893.51/7395a

The Adviser on Political Relations (Hornbeck) to the Under Secretary of the Treasury (Bell)

Dear Mr. Bell: Mr. Coe, speaking, I understood, under instructions from the Secretary of the Treasury, informed me yesterday afternoon of latest developments in the matter of the proposed new financial assistance to China.

Without undertaking in this context to express an opinion regarding the merits of the plan which I understand was decided upon by the Secretary of the Treasury and the President yesterday, and laid before Dr.
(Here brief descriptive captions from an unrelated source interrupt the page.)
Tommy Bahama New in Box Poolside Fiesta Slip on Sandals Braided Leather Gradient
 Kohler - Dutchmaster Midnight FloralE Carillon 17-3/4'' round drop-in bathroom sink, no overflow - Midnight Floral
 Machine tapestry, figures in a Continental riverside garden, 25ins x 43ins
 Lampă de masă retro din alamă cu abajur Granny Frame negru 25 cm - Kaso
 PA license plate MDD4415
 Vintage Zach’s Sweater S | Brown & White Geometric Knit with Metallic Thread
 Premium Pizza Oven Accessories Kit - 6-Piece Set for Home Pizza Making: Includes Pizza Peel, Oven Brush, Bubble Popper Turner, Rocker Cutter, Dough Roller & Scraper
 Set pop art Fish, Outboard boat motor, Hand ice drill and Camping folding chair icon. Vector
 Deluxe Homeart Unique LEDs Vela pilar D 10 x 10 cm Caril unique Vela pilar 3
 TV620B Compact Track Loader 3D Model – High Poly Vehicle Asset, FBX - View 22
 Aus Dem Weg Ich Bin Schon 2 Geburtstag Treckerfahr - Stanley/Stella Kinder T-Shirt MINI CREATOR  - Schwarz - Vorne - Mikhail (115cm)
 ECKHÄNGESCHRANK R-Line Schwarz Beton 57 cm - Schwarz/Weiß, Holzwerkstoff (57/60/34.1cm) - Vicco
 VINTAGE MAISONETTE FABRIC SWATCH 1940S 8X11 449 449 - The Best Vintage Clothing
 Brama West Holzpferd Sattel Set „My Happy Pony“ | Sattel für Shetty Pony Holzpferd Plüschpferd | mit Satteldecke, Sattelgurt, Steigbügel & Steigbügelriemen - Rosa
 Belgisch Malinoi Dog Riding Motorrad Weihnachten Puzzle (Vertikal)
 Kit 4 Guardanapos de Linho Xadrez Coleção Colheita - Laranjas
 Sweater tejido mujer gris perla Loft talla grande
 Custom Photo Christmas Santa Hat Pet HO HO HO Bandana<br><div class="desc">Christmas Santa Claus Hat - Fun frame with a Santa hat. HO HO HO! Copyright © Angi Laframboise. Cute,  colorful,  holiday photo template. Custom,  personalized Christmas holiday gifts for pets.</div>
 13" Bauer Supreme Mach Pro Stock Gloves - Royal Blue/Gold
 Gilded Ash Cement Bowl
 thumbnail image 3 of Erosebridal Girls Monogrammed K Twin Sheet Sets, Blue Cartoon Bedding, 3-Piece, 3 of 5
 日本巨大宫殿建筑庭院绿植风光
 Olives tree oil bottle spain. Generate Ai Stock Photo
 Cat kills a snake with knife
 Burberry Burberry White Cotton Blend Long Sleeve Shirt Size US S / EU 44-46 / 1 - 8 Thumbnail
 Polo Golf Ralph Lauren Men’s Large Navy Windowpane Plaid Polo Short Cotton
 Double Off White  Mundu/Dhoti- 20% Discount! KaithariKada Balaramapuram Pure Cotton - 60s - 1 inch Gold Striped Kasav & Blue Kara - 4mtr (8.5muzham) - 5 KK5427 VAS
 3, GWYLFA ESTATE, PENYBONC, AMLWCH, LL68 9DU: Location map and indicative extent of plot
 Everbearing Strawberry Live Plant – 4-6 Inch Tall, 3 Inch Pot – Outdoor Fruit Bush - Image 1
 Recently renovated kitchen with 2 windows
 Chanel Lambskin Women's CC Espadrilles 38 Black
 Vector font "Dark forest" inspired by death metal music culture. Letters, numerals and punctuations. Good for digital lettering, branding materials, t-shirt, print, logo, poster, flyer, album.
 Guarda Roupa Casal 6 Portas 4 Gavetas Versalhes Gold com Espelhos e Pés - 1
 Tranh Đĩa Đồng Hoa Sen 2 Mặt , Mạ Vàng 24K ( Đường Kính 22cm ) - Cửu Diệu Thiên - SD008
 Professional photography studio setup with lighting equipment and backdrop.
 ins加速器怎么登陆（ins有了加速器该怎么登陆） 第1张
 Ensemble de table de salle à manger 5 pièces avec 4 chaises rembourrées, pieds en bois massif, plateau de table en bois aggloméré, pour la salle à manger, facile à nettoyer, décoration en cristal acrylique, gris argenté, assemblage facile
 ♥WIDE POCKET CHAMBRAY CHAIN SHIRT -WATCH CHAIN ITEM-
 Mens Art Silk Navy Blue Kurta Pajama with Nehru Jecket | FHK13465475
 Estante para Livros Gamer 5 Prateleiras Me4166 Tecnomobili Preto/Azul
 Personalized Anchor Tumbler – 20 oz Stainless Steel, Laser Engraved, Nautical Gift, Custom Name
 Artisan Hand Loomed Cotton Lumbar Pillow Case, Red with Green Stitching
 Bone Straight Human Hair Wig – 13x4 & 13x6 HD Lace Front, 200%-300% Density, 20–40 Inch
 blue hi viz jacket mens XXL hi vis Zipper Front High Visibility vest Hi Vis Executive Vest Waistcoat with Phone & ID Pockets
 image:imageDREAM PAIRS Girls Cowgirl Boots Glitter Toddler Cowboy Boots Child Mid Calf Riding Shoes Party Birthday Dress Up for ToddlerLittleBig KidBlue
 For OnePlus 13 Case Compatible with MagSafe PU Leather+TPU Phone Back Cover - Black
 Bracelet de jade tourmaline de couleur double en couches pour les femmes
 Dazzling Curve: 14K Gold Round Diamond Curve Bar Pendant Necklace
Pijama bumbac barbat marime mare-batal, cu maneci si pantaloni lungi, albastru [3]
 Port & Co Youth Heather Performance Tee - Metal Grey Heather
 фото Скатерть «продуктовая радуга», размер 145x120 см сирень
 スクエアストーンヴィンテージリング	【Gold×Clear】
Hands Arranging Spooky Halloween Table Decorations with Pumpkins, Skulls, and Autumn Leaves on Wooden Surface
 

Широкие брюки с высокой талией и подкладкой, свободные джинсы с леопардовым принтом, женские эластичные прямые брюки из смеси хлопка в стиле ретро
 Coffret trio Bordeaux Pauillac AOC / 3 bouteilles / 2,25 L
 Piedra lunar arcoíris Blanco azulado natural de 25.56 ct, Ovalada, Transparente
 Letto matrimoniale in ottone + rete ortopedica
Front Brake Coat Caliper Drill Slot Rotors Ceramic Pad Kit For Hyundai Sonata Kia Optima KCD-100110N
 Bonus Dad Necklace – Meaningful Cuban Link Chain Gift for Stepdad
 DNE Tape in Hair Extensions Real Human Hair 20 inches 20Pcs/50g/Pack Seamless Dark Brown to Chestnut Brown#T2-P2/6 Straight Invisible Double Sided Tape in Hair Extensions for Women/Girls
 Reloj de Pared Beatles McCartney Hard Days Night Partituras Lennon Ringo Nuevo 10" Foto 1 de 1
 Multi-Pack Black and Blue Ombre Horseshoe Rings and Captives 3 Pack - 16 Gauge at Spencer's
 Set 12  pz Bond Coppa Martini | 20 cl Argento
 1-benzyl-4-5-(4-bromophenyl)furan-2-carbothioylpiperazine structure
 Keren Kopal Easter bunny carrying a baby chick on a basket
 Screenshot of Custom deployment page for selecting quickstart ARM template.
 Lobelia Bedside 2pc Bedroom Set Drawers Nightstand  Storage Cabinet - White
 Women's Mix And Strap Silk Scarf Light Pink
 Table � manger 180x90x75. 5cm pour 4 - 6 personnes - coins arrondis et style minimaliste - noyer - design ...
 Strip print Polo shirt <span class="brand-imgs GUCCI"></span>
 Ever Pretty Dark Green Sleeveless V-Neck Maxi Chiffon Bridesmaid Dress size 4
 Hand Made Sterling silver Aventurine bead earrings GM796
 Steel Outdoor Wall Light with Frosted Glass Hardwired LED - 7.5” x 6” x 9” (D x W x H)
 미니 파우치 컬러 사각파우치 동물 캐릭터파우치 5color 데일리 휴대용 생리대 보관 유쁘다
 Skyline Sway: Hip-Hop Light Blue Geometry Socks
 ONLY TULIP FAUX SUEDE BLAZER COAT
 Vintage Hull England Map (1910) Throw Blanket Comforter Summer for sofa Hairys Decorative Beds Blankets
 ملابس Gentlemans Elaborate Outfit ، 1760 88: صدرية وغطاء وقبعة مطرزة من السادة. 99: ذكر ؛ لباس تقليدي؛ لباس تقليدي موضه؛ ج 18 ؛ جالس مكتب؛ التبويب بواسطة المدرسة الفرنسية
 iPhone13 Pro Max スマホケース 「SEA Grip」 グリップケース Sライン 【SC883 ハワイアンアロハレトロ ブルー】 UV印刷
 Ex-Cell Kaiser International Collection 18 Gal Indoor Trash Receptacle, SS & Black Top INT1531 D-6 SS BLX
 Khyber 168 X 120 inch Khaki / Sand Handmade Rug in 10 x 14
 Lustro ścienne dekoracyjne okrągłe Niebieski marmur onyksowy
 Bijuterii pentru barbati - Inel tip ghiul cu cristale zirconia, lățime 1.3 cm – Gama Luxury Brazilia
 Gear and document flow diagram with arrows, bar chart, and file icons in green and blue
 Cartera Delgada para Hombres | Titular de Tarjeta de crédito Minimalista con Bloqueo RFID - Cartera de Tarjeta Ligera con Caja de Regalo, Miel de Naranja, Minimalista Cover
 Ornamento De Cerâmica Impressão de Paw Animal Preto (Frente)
T. V. Soong, I wish to go on record as asking, on my own responsibility and in light of the fact that the Treasury has drawn [Page 442] me into the discussion of the matter, whether the procedure envisaged in this plan, whatever may be the other objectives which it might serve or effects which it might have, can be expected to serve substantially either the political or the economic objectives which apparently have been in Chiang Kai-shek’s and H. H. Kung’s minds in connection with the appeals which they have made for a loan and in the minds of Mr. Gauss and Mr. Fox in connection with the comments and suggestions which they have offered in relation to the question of a loan, and which have been in the minds of officers of the Department of State who have studied those appeals, comments and suggestions and the situation out of which they arise.

I am sending you here enclosed, for strictly confidential use, a digest of telegrams which have borne on this subject.53

Yours sincerely,

Stanley K. Hornbeck
  1. Digest not printed; telegrams printed separately.